Mogi Y, Kogawa K, Takayama T, Yoshizaki N, Bannai K, Muramatsu H, Koike K, Kohgo Y, Watanabe N, Niitsu Y
Department of Internal Medicine (Section 4), Sapporo Medical College.
Jpn J Cancer Res. 1991 Feb;82(2):192-8. doi: 10.1111/j.1349-7006.1991.tb01828.x.
We established five clones (ML-01, ML-02, MH-01, MH-02, MH-03) from murine 3-methylcholanthrene-induced fibrosarcoma A (Meth A), and investigated their experimental metastatic potentials in relation to their platelet-aggregating activities. A clone with a high metastatic potential (MH-02) showed a characteristic biphasic pattern of platelet aggregation, of which the first peak was not present in the aggregation patterns of the clone with low metastatic potential (ML-01). The first peak was eliminated by treatment of the cells with apyrase, indicating that adenosine diphosphate (ADP) was the causative substance of this particular peak. The metastatic potential of clones correlated well with the ADP concentration of the culture media. These results suggest that the increased ADP production and consequential enhancement of platelet-aggregating activity are closely related to the increment of pulmonary metastatic potential of MH-02 clone.
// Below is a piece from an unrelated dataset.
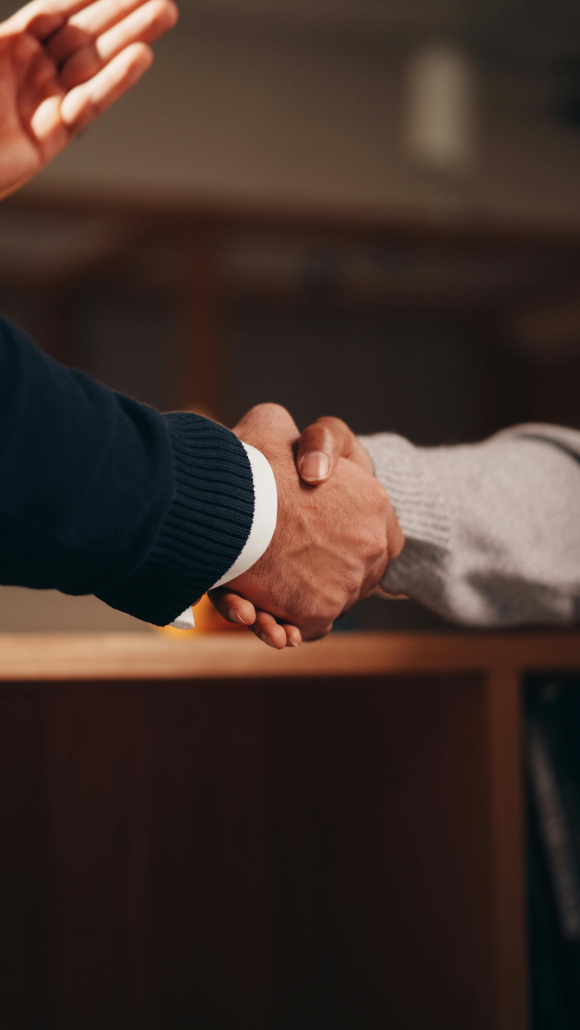 LeFa FINANZ erweitert Service mit LeFa PERSONAL Geschäftlicher Handschlag als Symbol für LeFa FINANZ und LeFa PERSONAL Zusammenarbeit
我们从鼠源3-甲基胆蒽诱导的纤维肉瘤A(Meth A)中建立了五个克隆(ML-01、ML-02、MH-01、MH-02、MH-03),并研究了它们与血小板聚集活性相关的实验转移潜能。具有高转移潜能的克隆(MH-02)呈现出特征性的双相血小板聚集模式,而低转移潜能的克隆(ML-01)的聚集模式中不存在第一个峰值。用腺苷三磷酸双磷酸酶处理细胞可消除第一个峰值,表明二磷酸腺苷(ADP)是这个特定峰值的致病物质。克隆的转移潜能与培养基中的ADP浓度密切相关。这些结果表明,ADP产生增加以及随之而来的血小板聚集活性增强与MH-02克隆肺转移潜能的增加密切相关。